Crate chafka

Source
Expand description

§chafka

Extensible service for real-time data ingestion from Kafka to ClickHouse.

§Installation

Just use cargo.

§Configuration

Example config:

[ingesters.example]
decoder = "avro"                        # using generic avro decoder
kafka_broker = "localhost:9091"
topic = "test-topic"
batch_size = 100000
batch_timeout_seconds = 10
clickhouse_url = "tcp://localhost:9000"
clickhouse_table = "test_chafka_avro"
custom.schema_file = "./example.avsc"   # take schema from local file
custom.field_names = { c = "c_arr" }    # field "c" is ingested into column "c_arr"

§Extending

While this service contains generic decoder avro, that can be used for ingesting relatively simple avro messages (without nested records), this service was meant to be extended to support different serialization formats and CH tables by writing own implementations of Decoder trait. Ultimately, you may have own decoder for each topic you are ingesting.
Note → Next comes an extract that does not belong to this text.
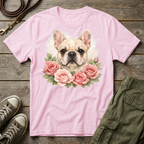 Frenchie Roses T-Shirt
Refer to example decoder as a reference.

§Kafka and ClickHouse

Chafka uses Kafka’s consumer groups and performs safe offset management — it will only commit offsets of messages that have been successfully inserted into CH.

Chafka also automatically batches inserts to CH for optimal performance. Batching is controlled by batch size and batch timeout, allowing user to tune ingestion process either for throughput or for latency.

Modules§

decoder
Manages decoders
ingester
Consumes messages from Kafka, and inserts decoded rows to CH
settings
Application config